Also, I was building all of my UIs using WebGL (babylon.js specifically), and stopped this practice as I had many issues with maintenance of the UIs over time. Instead, I build all GUIs using native HTML5, CSS, and non-WebGL JavaScript, as again, I find far greater flexibility and far less problems as outside of rendering meshes, I can create GUI elements with greater functionality which natively run on every device, OS, and browser. Whereas using WebGL, I was constantly battling all three of these elements and would quite often find my GUIs wouldwork in one version of BJS on most every device, yet stop functioning on some devices, OS, and browsers upon the next release of BJS, and/or browser updates - as there are still so many variables in the functionality of WebGL for devices and browsers - as WebGL is still a young standard comparatively.

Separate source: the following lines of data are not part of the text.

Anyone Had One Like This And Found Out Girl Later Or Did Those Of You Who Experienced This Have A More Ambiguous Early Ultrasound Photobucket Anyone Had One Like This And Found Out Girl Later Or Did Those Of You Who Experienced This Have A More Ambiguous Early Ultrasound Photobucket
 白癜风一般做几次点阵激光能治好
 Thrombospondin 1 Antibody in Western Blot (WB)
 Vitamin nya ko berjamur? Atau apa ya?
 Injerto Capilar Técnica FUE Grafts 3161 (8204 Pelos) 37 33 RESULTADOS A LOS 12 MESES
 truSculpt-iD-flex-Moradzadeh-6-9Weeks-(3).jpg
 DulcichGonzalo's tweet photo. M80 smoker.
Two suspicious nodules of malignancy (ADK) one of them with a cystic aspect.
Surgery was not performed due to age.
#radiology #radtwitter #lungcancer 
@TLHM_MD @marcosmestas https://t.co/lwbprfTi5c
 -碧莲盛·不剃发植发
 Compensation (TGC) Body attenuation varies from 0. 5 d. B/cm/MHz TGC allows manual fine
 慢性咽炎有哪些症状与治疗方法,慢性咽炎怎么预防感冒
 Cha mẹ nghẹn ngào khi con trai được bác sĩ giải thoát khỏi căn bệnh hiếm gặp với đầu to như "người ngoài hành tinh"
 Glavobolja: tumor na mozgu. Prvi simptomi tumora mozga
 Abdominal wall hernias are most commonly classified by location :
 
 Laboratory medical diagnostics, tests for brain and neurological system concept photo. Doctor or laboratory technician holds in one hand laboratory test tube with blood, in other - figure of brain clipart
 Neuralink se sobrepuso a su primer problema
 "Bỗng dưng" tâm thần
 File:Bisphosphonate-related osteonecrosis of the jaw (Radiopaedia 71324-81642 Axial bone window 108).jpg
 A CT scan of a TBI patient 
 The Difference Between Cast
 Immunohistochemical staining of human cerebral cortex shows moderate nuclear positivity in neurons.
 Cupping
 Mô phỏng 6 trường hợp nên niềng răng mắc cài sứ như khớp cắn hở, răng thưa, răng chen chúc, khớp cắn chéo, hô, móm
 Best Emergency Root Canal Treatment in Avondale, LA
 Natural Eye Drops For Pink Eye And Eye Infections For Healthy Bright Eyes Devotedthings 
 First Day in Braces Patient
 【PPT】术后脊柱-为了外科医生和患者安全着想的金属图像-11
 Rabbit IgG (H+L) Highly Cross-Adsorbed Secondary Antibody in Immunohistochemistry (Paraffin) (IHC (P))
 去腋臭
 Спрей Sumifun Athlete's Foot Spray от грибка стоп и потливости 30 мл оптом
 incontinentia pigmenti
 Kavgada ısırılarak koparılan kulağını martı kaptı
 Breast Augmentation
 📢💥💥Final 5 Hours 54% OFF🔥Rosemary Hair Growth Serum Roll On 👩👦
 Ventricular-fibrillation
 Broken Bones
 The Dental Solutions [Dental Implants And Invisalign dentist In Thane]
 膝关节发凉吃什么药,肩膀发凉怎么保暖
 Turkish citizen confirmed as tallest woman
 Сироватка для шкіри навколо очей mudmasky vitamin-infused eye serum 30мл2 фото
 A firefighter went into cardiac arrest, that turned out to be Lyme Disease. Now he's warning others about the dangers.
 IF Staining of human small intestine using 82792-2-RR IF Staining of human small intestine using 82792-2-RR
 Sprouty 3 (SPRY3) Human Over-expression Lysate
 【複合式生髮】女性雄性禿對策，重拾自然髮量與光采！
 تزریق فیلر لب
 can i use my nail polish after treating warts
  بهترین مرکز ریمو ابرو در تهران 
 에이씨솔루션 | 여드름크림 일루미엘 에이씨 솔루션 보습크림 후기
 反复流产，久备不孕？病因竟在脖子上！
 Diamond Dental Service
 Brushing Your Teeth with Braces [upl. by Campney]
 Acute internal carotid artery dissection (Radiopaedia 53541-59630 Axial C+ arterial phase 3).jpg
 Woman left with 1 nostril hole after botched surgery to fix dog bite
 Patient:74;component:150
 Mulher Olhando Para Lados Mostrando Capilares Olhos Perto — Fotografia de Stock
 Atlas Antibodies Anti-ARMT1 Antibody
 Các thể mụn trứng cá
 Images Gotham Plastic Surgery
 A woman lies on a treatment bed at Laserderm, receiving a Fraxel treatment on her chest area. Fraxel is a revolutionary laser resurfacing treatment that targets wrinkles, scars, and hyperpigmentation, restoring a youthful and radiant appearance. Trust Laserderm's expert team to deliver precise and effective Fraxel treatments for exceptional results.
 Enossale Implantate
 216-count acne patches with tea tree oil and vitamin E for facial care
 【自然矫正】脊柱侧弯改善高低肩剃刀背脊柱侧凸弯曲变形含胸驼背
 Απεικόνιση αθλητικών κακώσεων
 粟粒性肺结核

As is obvious by reading my posts, I love babylon.js. However, I have lost many hours trying to make BJS the one framework to do EVERYTHING; and this has cost me allot of time and resources as well as limiting my ability to create tools and styles which are often quite simple to create in HTML, CSS, and JavaScript. I've mentioned this before, and am posting again, as I find that the current mindset appears to be to make babylon.js do everything in building content, games, and rich user experiences - excluding most of the basic tools which already exist and do many of these functions better. So I just wanted to point out that I personally am able to develop rich content and applications much faster when working with WebGL as an element among many others in developing on the web. Whereas for over one year, I took the path of developing most everything strictly within WebGL, and excluding many of the proven tools which are far more compatible acros multiple devices and browsers, and require far less maintenance in the long run - and often the short run as well.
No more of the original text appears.